A mature, often dark singer enjoying his mastery
Santa Fe Listener | Santa Fe, NM USA | 12/09/2009
(5 out of 5 stars)
"Matthias Goerne has a large fan base and much critical acclaim, but even with these advantages and his honeyed voice, it's risky to record a dozen Schubert CDs. He won't be covering every song suitable for the male voice, as Fischer-Dieskau did for DG, so completists won't be attracted on that score. The artistry of each installment will have to speak for itself. So far, it has, and using different pianists as collaborators has helped leaven the sameness of the first four editions. This time we get the noted German conductor Ingo Metzmacher, who proves to be capable and thoroughly musical, if not exactly a revelation. The theme centers on the ancient world of Greece (or Griechenland as the first, haunting song has it).
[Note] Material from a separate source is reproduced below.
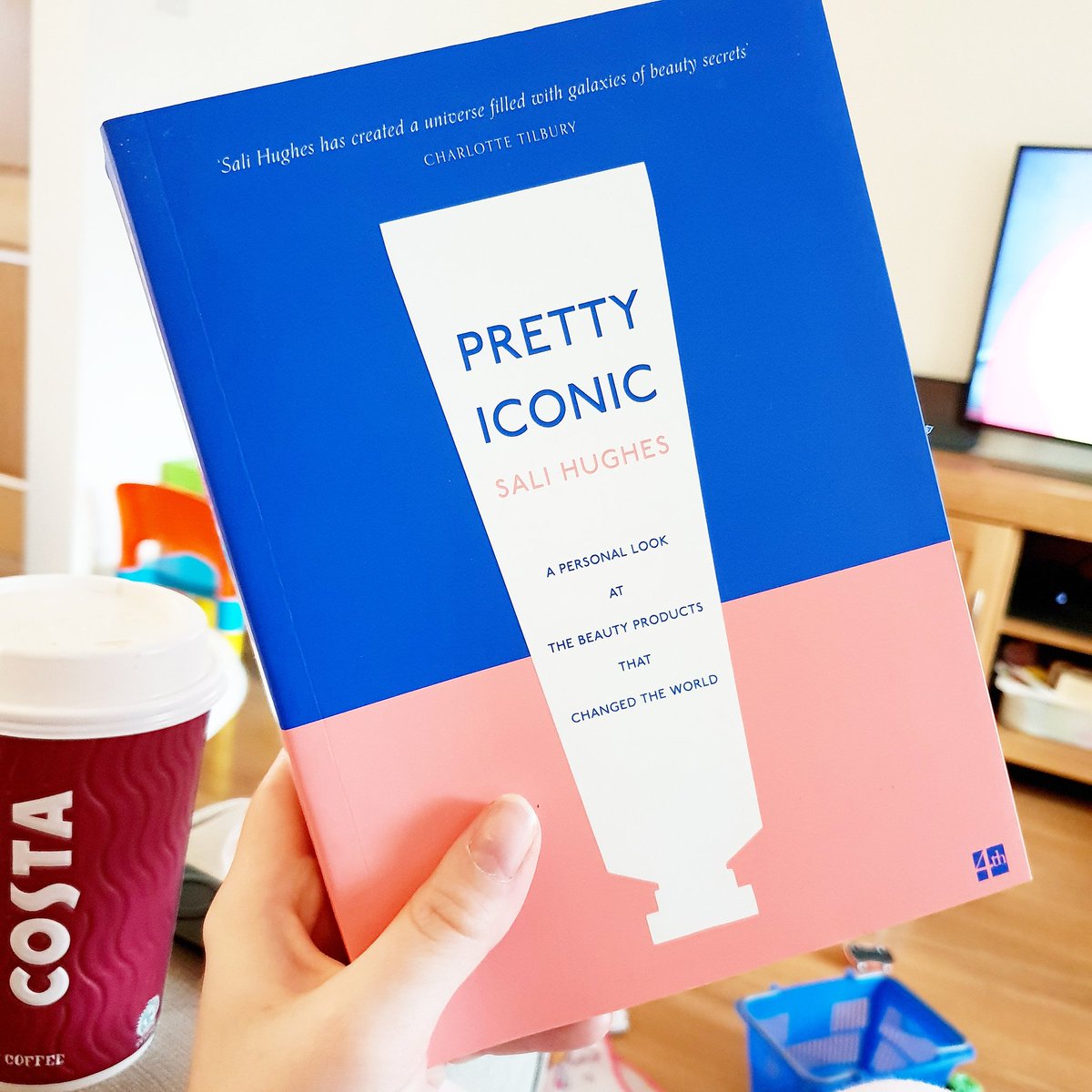 bookishbluebird's tweet photo. New book day! Anyone read this? 💙 #bookbloggers #prettyiconic https://t.co/EjizEQPxX5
I'm no specialist, but as a lover of Schubert lieder, I recognized as old favorites about a third of the songs presented here, and about an equal number were completely new, including the paired Heliopolis songs, D. 753 and D. 754, that give the album its title. I am an on-again, off-again fan of Goerne's smooth, creamy delivery, and having heard him now in over a hundred lieder since the series began, I find it harder to find much variety. Yet I must hasten to add that this is singing of a very accomplished order -- it's not as if Goerne has to worry about close rivals except for a veteran like Thomas Hampson. I wish he weren't so eternally serious, to the point of grimness, in this repertoire. Schubert has lightness as one of his main characteristics, but Goerne is never carefree, even when Schubert is. The cursed Orestes is meat for him, or any song that's tragic, gloomy, declamatory, or lamenting.
In short, Goerne likes to stay on the dark side, and as a result, his Schubert can grow wearisome. Take his intense artistry a few songs at a time, and you find an exceptional singer enjoying the fruits of his maturity."